> **What the exercise asks**
Determine how many lines in the records hold "Sleeve", and give that number with nothing added.

:: Provided records ::

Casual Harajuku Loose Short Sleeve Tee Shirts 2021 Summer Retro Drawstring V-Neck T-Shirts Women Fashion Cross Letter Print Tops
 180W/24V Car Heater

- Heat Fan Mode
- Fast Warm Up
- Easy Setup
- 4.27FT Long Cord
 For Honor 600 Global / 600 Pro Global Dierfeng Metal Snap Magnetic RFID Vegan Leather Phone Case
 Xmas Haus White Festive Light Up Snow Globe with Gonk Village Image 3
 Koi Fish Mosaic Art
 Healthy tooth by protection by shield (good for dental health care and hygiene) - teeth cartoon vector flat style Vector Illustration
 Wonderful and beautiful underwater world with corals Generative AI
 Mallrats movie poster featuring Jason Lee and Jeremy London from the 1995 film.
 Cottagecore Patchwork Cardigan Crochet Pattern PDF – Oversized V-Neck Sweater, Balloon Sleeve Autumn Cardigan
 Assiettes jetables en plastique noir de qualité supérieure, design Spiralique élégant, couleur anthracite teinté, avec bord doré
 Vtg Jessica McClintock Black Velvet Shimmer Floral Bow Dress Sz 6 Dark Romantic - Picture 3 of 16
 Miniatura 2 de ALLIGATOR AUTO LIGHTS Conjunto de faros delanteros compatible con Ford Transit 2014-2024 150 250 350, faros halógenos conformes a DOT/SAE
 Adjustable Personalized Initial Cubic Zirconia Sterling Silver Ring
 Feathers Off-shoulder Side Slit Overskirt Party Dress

:::

> **Solution to this problem**
2